Freshman year class choices come back to haunt ‘010
By Hannah Rusk
Published March 12, 2010
I have been a public school student for almost 13 years now, and as such have learned to accept that there are certain things I just can’t control. These things are often the fault of the bureaucracy in our school and district, and the fact that we high school students are treated not like the near-adults we are, but like developmentally challenged sheep when it comes to making educational decisions for ourselves. For example, I resigned myself long ago to the fact that the district insists that I take two semesters of “fine arts” credit, even though anyone who has seen me draw or heard me trying to sing knows that I am not, as some might put it, artistically inclined. The powers that be insist that taking these classes will benefit me more than, say, taking an extra Language Arts class, and I have learned to acknowledge that. However, if I had to sit through a semester of acting exercises, several of which ended in humiliation and physical pain, I expect the school to give me credit for it.

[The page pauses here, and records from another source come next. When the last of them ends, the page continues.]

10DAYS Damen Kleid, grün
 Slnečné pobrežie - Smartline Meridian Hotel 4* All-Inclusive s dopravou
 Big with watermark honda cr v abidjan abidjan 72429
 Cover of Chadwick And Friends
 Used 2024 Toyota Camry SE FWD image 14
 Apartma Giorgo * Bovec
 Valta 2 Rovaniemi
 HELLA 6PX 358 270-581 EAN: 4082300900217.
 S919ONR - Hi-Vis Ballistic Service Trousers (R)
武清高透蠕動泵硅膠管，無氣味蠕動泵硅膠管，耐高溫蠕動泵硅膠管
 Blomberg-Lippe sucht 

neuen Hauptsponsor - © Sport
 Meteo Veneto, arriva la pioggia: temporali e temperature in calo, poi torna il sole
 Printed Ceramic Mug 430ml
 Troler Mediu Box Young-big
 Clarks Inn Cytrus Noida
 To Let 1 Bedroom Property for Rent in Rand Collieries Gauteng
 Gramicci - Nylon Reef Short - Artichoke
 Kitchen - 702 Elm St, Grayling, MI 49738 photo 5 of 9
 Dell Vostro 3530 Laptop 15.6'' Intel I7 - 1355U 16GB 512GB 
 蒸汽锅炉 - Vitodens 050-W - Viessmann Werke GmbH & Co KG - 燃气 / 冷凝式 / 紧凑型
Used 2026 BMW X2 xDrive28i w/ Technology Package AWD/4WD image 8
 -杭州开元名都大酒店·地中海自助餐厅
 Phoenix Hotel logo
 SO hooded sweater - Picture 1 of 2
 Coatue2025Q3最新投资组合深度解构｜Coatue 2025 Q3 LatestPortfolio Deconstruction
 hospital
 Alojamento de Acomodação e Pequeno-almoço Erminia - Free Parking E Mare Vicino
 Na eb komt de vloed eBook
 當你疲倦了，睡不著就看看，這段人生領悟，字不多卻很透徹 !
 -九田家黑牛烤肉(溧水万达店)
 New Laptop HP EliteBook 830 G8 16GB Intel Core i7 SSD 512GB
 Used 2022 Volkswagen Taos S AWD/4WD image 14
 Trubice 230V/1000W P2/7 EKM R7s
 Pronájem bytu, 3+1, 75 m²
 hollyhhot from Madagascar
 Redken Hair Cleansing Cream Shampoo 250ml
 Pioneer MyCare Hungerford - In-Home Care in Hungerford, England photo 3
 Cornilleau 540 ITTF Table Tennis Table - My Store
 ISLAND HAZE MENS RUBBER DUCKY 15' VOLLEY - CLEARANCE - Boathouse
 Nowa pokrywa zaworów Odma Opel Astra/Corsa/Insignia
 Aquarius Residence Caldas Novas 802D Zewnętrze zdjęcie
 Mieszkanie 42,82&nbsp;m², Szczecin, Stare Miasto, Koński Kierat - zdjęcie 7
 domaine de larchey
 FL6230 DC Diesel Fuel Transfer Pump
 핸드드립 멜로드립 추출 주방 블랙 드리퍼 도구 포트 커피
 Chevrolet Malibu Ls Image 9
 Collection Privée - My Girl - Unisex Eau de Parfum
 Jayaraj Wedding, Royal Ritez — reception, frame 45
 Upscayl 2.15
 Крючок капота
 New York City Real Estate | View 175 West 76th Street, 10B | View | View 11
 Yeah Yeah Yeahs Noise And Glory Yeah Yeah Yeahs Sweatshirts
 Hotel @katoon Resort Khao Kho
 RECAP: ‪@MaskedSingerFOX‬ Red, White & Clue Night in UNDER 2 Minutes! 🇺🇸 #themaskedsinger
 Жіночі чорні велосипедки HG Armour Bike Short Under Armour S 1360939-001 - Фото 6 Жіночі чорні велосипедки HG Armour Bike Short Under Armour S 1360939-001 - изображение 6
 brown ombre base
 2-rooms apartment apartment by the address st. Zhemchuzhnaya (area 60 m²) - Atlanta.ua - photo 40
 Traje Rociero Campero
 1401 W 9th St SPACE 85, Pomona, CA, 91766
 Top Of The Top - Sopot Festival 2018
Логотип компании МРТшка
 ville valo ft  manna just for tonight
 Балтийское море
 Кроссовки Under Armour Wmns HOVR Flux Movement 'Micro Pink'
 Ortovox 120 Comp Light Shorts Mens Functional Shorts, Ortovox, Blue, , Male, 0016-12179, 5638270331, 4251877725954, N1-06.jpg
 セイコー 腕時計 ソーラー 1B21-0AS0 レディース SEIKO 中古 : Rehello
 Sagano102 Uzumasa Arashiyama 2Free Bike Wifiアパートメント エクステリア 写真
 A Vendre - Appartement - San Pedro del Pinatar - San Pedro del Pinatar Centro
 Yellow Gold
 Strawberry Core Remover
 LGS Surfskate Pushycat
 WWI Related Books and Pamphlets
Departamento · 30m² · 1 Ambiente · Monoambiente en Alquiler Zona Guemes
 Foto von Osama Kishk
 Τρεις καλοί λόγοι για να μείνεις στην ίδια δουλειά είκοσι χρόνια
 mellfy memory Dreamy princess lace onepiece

Recently, a sizeable group of second-semester seniors was called to the counseling office, just before five-week grades were due to be published. They were told that, oops, turns out the district has decided that certain theater classes they all took freshman year from one teacher don’t actually count for fine arts credit, because the teacher wasn’t “certified” to give them. Now they are all missing a graduation requirement.
This is completely inexcusable on so many levels. Waiting until the middle of these students’ final semester to drop the bomb that they’re missing a class, after assuring them for three years that it would count? Maybe that would be more understandable if the district had just informed the school that there was a problem, but I took one of those classes freshman year and my counselor told me that it wouldn’t count as fine arts way back in October. Yet the school neglected to make the information common knowledge until now, thereby forcing seniors to drop classes out of their full schedules to take fine arts classes.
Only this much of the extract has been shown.